Thursday, April 7, 2016

Small Soldiers (1998) review


     Small Soldiers is a nostalgic trip back to the nineties, personifying the same general fascination with toys and future technology in that decade. The movie is a gem for its short-lived children's franchise and offbeat feel, which helps teach a bit of a lesson in the end. However, the movie is definitely not one of the greats and very dated compared to today's standards.

PLOT: In the nineties, the race for making the best toy was a real battle. So many different new and era-unique toys had been created thus far. This movie plays with that idea by introducing two new toys set to war against each other: the Commando Elites and the Gorgonites. The Commandos were seen as the patriotic heroes while the Gorgonites came off as weird aliens with strange attributes. The Commandos instantly became more popular. However, what the public doesn't know is that the Commandos have been programmed a bit too well with authentic military technology. A young boy named Alan (Gregory Smith) buys a whole set of Commandos and is surprised when they spring to life and dedicate themselves wholeheartedly to killing their programmed rivals, the Gorgonites. However, the Gorgonites have also sprung to life, but just for the sake of survival and not for war. The two toy races end up in an all-out war that Alan, his friends, and his family get caught in the crossfire of, as the Commandos are hell bent on achieving their goal. The plot is very unique for the most part, stealing only the idea of toys coming to life. The idea of putting them at war in a live-action environment is what made it seem fresh. The plot for the most part was executed as well as it could be, with the humor and events feeling a bit more offbeat and dark than they need to be. However, it puts this dated gem on the corner of being a cult classic. This movie even had a short-lived toy franchise around the time of the movie's release that faded out real quick. Ironic, isn't it?

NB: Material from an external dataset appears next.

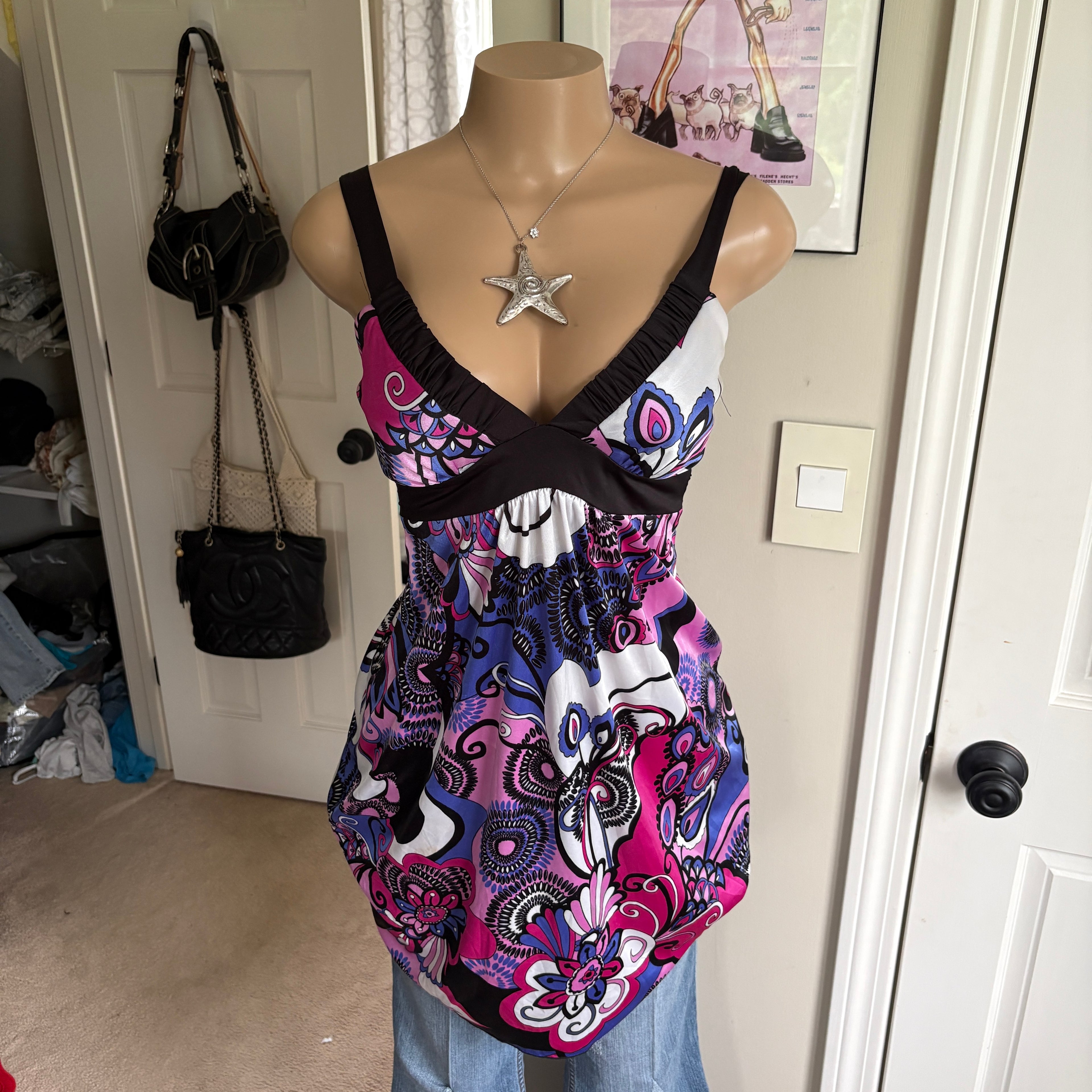 00s purple floral tie back dress (size M)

ACTING: The performances in this movie aren't too spectacular or too bland either. The actors do their jobs as they should. Gregory Smith does a decent job as Alan, the young hero, and so does Kristen Dunst as his love interest, Christy. Other honorable performances come from David Cross as Irwin Wayfair, Phil Hartman as Phil, Tommy Lee Jones as Commando Chip Hazard, and Denis Leary as Gil Mars. No extremely stellar performances, but these guys all do their jobs as well as they possibly can.

SCORE/SOUNDTRACK: The score is pretty run-of-the-mill for the most part but the soundtrack has a lot of different selections from many different artists, including the likes of Queen, Billy Squire, and many others used throughout the movie in many different ways.

OTHER CONTENT: This movie was great entertainment in its time, especially for its target audience. As a child, I loved this movie and everything about it. Now, it takes me back to that time but doesn't seem to hold up to today's standards. It's a period piece in its own way, as it represents the nineties. It has the offbeat humor, childish innocence, and cheap effects. The Commandos and the Gorgonites look like real toys moving and interacting with the exception of certain scenes of action where the effects look very dated. The movie was really fun in its time, and is still fun if you remember it that way. However, it seems quite bland and stale to today's standards. It hasn't aged well, unless you tend to be an over-enthusiastic nineties nostalgia kid. In which case, this is a classic to reserve and remember. The lesson taught was impressive though. Through the Gorgonites, the movie teaches not to judge a person by their strange appearance but their heart, which was a nice lesson to learn at the target audience's age.

     Small Soldiers is a very overlooked gem of nineties entertainment, but is only good for that much. The movie is a trip back to the simplicity and quirkiness of that decade, but grows stale when compared with today's standards.The brief franchise and idea were nice parts of my childhood that I'm glad existed. However, their time is passed, but what a time it was and what a lesson was learned. Everyone just wants to be accepted and at home, man or Gorgonite.